=== Work required ===
An exact copy of the lines from the one containing "this 845×633 image." through the final line of the records is the only acceptable answer.

=== Material for this task ===

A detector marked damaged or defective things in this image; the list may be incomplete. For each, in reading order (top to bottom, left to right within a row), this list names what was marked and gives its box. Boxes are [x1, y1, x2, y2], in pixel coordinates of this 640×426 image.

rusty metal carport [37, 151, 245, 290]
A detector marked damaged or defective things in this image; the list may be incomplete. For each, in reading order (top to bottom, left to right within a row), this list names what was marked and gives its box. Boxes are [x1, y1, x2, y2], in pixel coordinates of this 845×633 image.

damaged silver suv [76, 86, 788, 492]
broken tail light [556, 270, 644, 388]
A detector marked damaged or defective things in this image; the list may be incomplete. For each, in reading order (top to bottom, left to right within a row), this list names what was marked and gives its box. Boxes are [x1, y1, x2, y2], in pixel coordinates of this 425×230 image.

=== Task result ===
A detector marked damaged or defective things in this image; the list may be incomplete. For each, in reading order (top to bottom, left to right within a row), this list names what was marked and gives its box. Boxes are [x1, y1, x2, y2], in pixel coordinates of this 845×633 image.

damaged silver suv [76, 86, 788, 492]
broken tail light [556, 270, 644, 388]
A detector marked damaged or defective things in this image; the list may be incomplete. For each, in reading order (top to bottom, left to right within a row), this list names what was marked and gives its box. Boxes are [x1, y1, x2, y2], in pixel coordinates of this 425×230 image.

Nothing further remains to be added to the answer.